Disapproval of sexually-promiscuous behavior by young women is as close to a cultural universal as you're going to get. And there are reasons for this, since young, attractive, sexually promiscuous women pose a threat to monogamy. Now, this isn't so much the case if the woman limits her partners solely to unattached males her own age. But the very idea of promiscuity implies reduced selectivity and impulse control. A woman who enjoys having a variety of lovers and being desired is likely, at some point, to sleep with all sorts of men (and women), including married ones. And since discovered infidelity generally leads to a serious marital crisis in Northern Europe and the U.S., one 'slut' could theoretically endanger many unions during her career of promiscuity.
Of course, this is a glaring double standard, since sexually-promiscuous males aren't subject to the same stigma. But thousands of double standards utterly permeate our social reality, so merely acknowledging something as a double standard doesn't argue for its elimination. And besides, a young, attractive man won't pose as much danger to these settled unions, because young, attractive men are interested primarily in mating with young, attractive women who are less likely to have settled down. The cougars might be out there, but they're the exception that proves the rule, and they're not catching many cubs:
After examining the age preferences expressed in 22,400 singles ads on popular dating websites in North America, Europe, Australia and Japan, he found no sizable cohort of women seeking younger men. To the contrary, almost all of them wanted men their own age or older. Nor did he find evidence for the proliferation of cubs: the overwhelming majority of men displayed their eons-old preference for younger women. "I do believe the cougar phenomenon is a myth and, yes, a media construct," [psychology prof Michael] Dunn, who specializes in human evolutionary psychology and mating behavior, told the Australian Associated Press.

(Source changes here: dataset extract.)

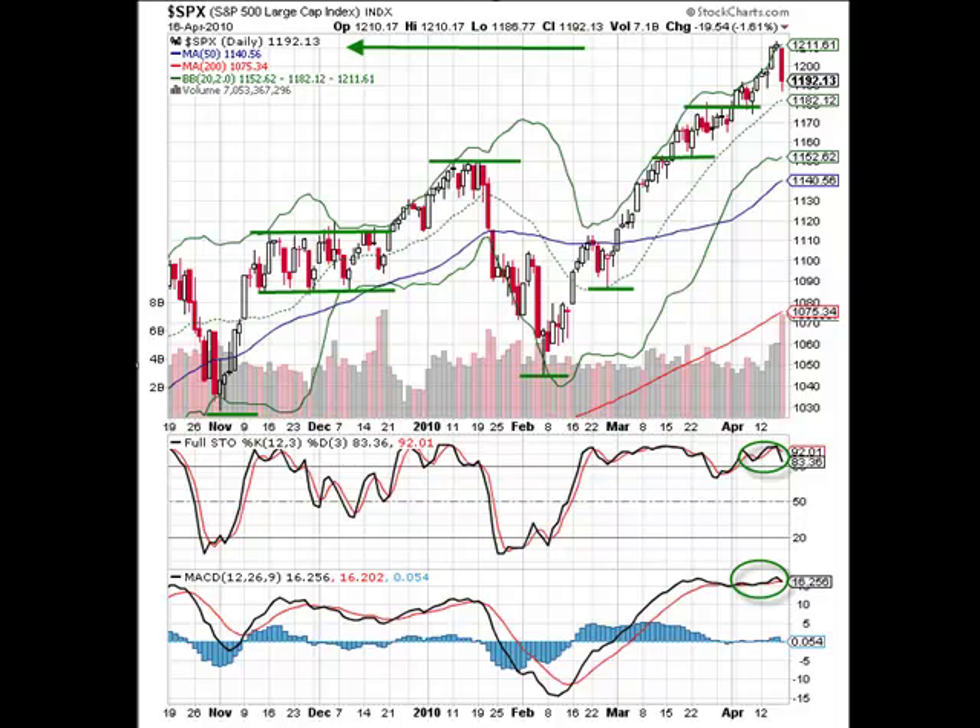We're looking at the SPX and once again this is for educational purposes only. Please do your own due diligence. We had a very interesting day today. We had this three candlestick pattern which can be interpreted as an island reversal or abandoned baby.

Except in a few urban enclaves or perhaps remote tribes, it will never be possible to remove the social stigma attached to female promiscuity. To ask whether this is good or bad strikes me as pointless. Is it good or bad that the sky is blue, or that deciduous trees drop their leaves each year?
If you ask me, the focus shouldn't be on a futile attempt to eliminate stigma in the Western World, but to address the dozens of societies in which a mere allegation of female promiscuity can lead to fates far darker and bloodier than social shaming.